Entering edit mode
4.1 years ago
Mat
▴
80
I found a quite big difference in the duplication between Fastp and Fastqc. For all my ~40 SE RNAseq samples, the rate is around 10-30% lower in Fastp compared to Fastqc. Is there an explanation for this and which one should trust more for RNAseq data?
In this scatterplot, the duplication rates for both tools were calculated based on the raw (i.e. untrimmed) reads.

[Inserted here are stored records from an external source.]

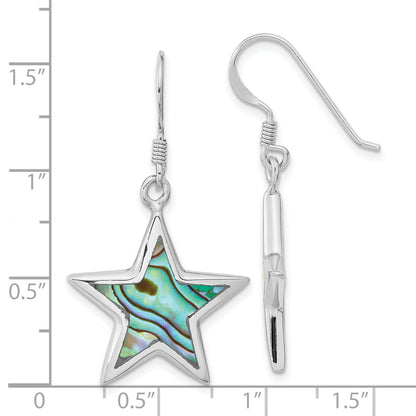 Sterling Silver Rhodium-Plated Polished Abalone Star Dangle Earrings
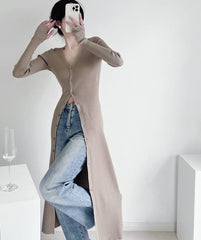 Beige Long Knitted V-Neck Cardigan
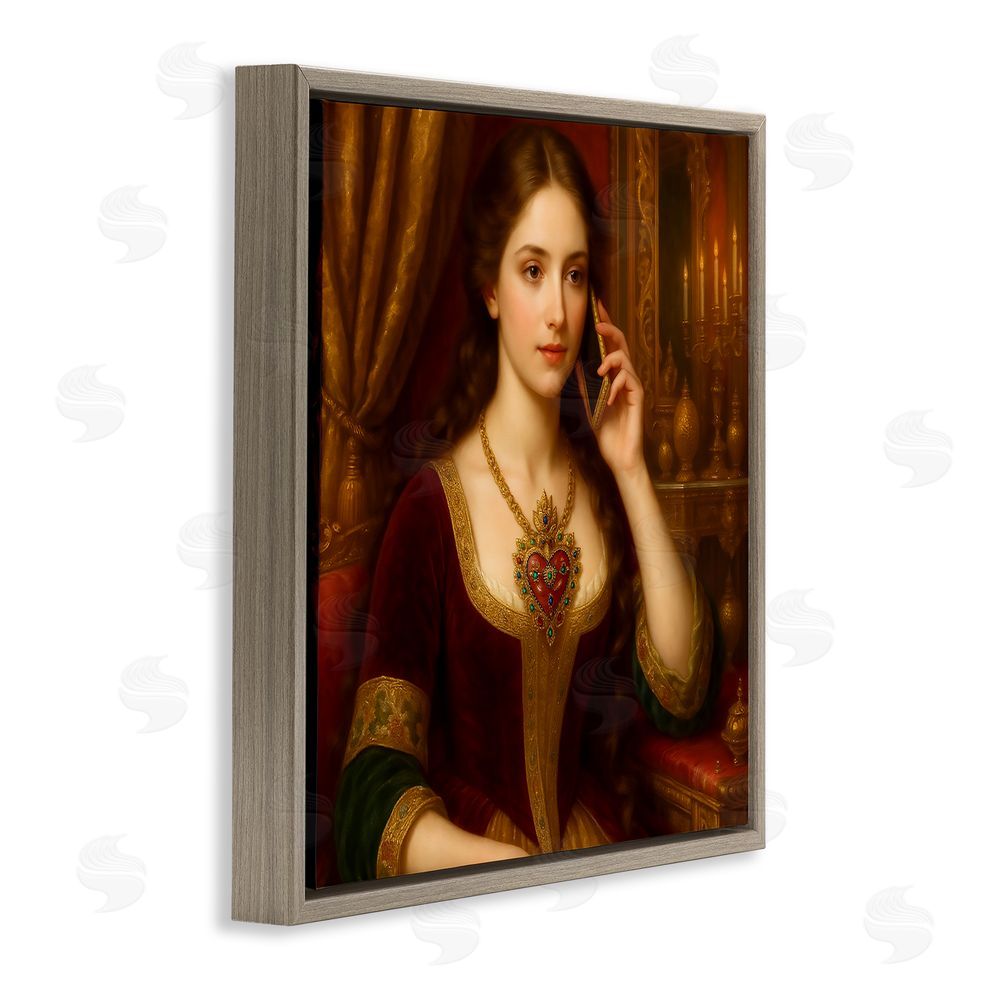 Grotto Studios Rococo Woman with Cell Phone Brown Floating Frame Canvas Wall Art Print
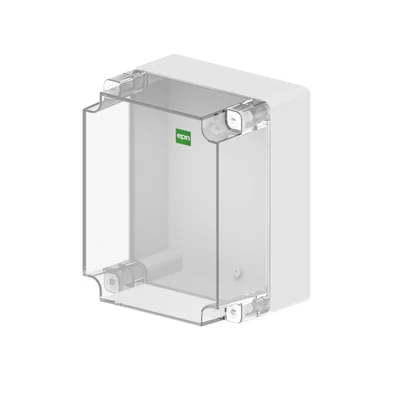 Boîtier industriel en saillie 270 x 220 x 168 mm IP 65 - gris/transparent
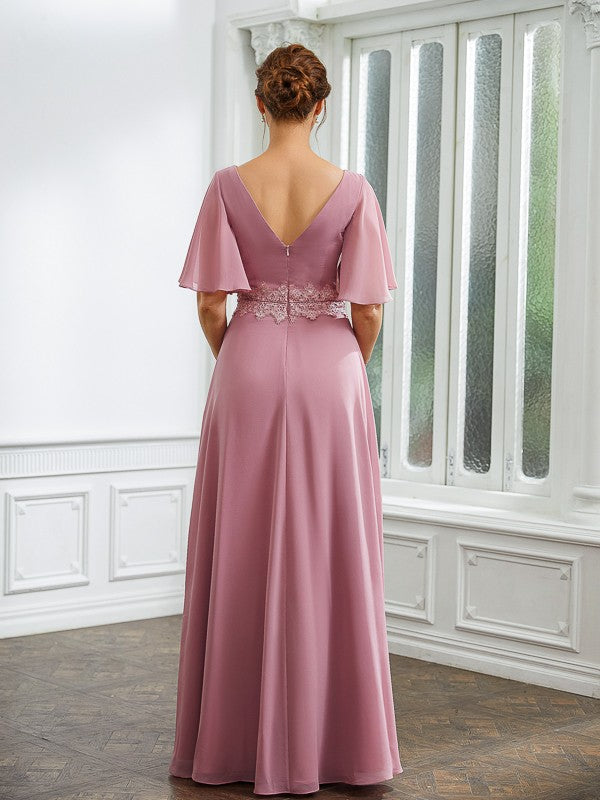 A-Line/Princess Chiffon Ruched V-neck 1/2 Sleeves Floor-Length Mother of the Bride Dresses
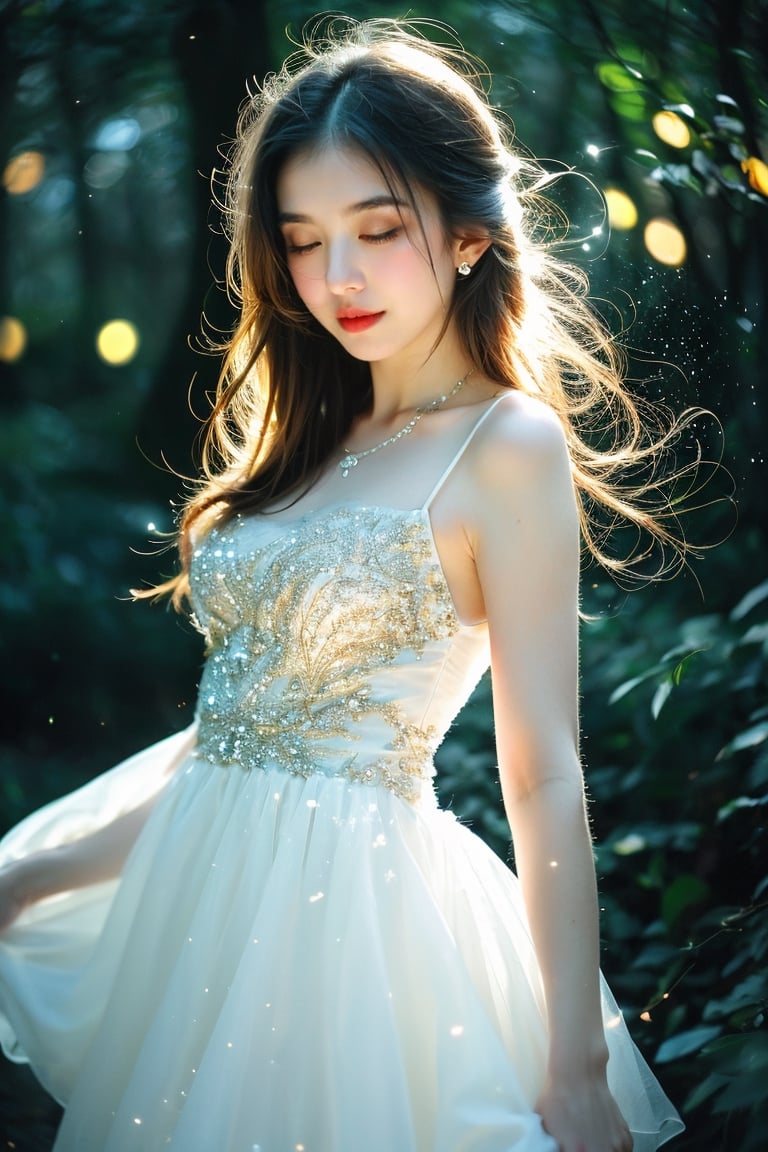 lovely white dress,  in the woods, glowing ice star, magical, fantasy, dreamy, . shallow depth of field, vignette, highly detailed, high budget, bokeh, cinemascope, moody, epic, gorgeous, film grain, grainy, cinematic film, alive,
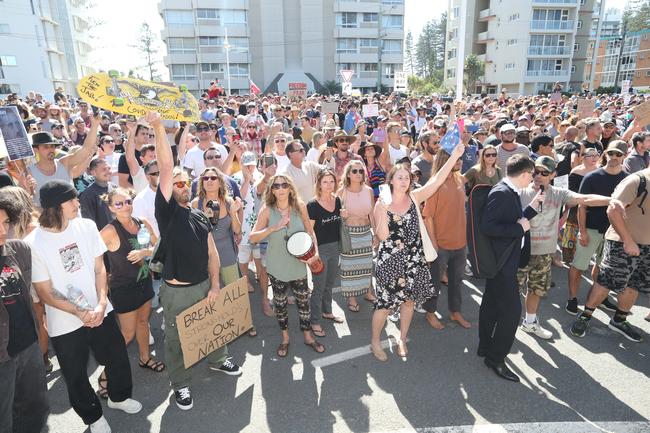 People in the Tweed are protesting the border restrictions. 22 August 2021 Coolangatta Picture by Richard Gosling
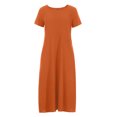 thumbnail image 5 of Robes d'Été pour Femmes 2023 Robes pour Femmes Liquidation Mode Femmes Été Uni Décontracté Col Rond Manches Courtes Vacances Poches Robe, 5 of 5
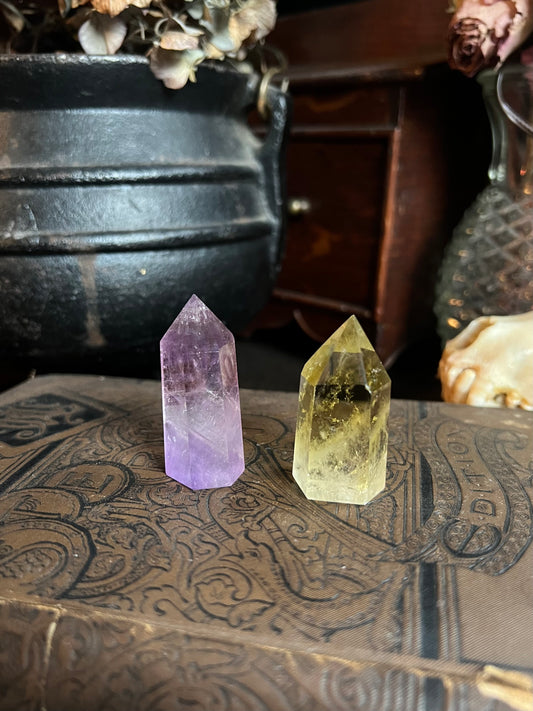 Amethyst & Citrine Points 2”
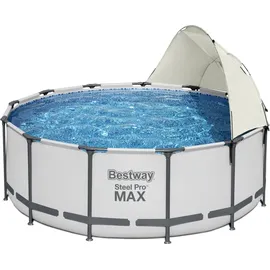 BESTWAY Sonnenschutzdach für runde Stahlrahmenpools grau 58681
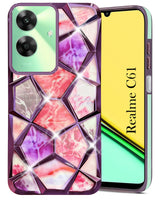 For Realme C61 | Realme Narzo N61 Back Cover Case (Dual Design Glitter Sparkle and Detachable Diamond Print Case | Soft and Flexible)
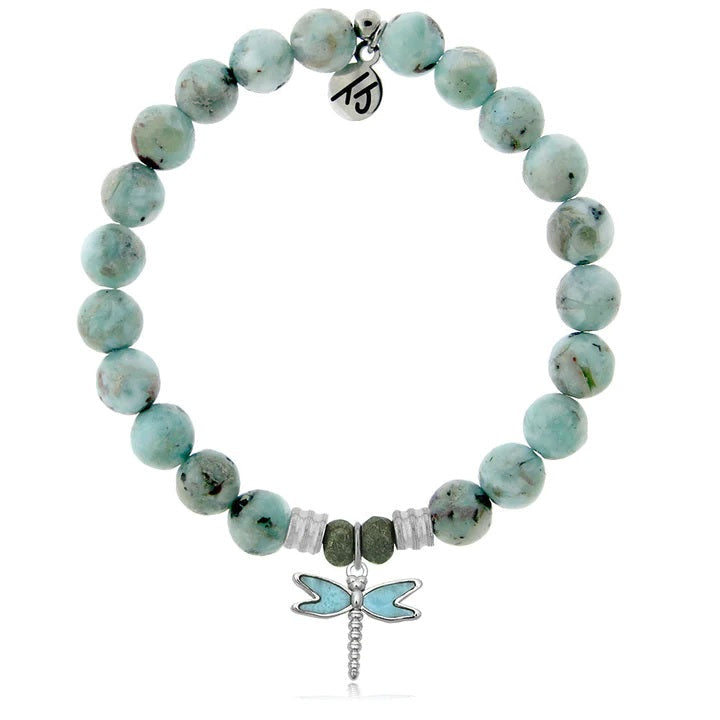BRACELETS - Larimar Charm Collection: Larimar Stone Bracelet With Larimar Dragonfly Sterling Silver Charm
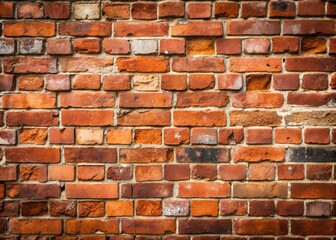 Obraz premium A rustic red brick wall with weathered textures, featuring slight discoloration and cracks, evoking an industrial or vintage aesthetic.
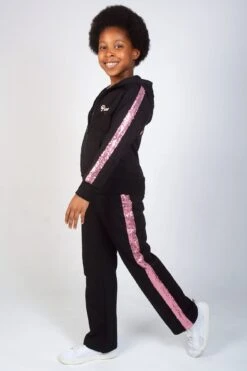 Sequin Stripe Zip Hoodie -Pineapple girls black sequin stripe zip hoodie 04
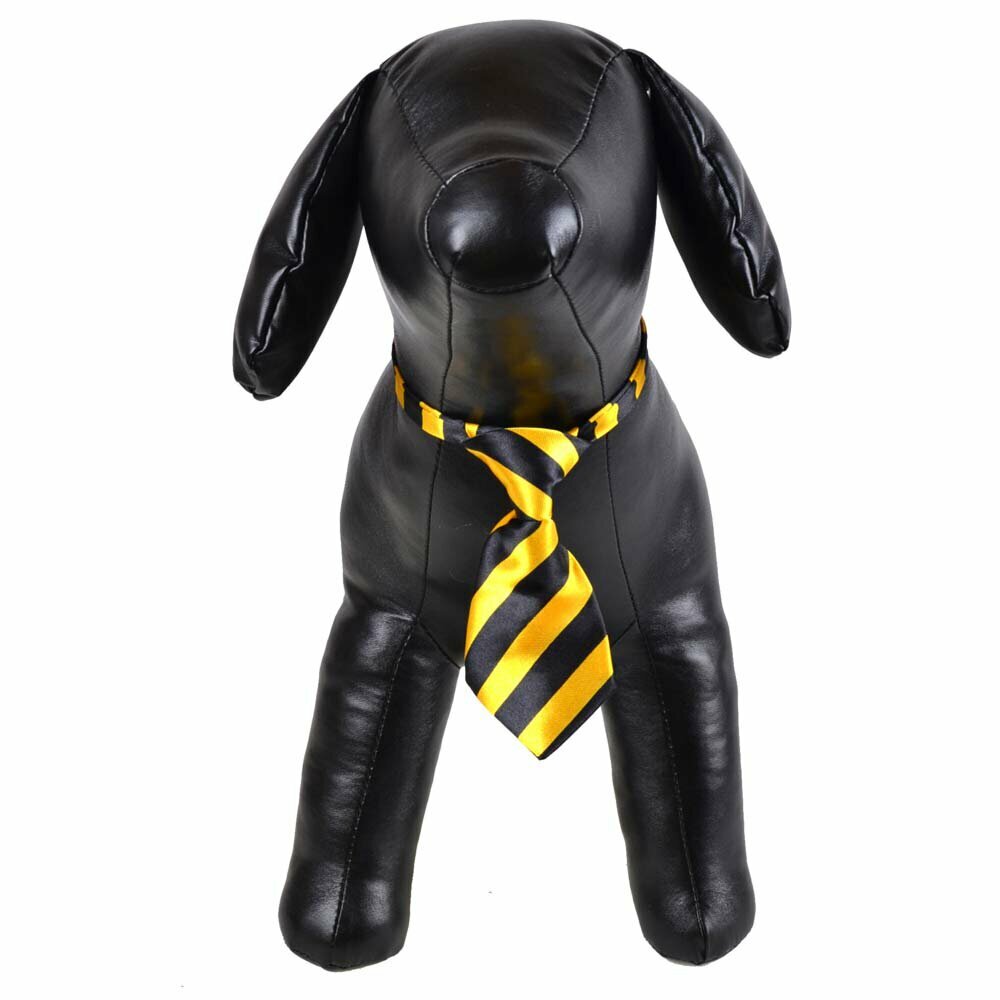 Krawatte für Hunde schwarz, gelb gestreift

I posted this originally on Github.
You would expect to see duplication in RNAseq of any kind. This is because there are multiple copies of RNA from many genes in your samples. Why are you concerned about this?
Did you even read my question? ;-) It's not about the duplication rate in general, but the huge difference between Fastqc and Fastp.
Fastqc does not look at your entire dataset (I don't know about
fastp
) when it checks read duplication. It only uses sequences which first appear in the first 100,000 sequences in each file for this module. While this is generally representative of data it looks like they may not be in your case (especially if fastp is looking at either entire data or some other subset of the data). Most of the QC results for FastQC are representative of the overall data and generally work well.If you truly want to identify sequence duplicates in your data I would recommend using
clumpify.sh
from BBMap suite. A: Introducing Clumpify: Create 30% Smaller, Faster Gzipped Fastq Files Use the optionaddcounts=t
to get sequence duplication counts for each sequence type.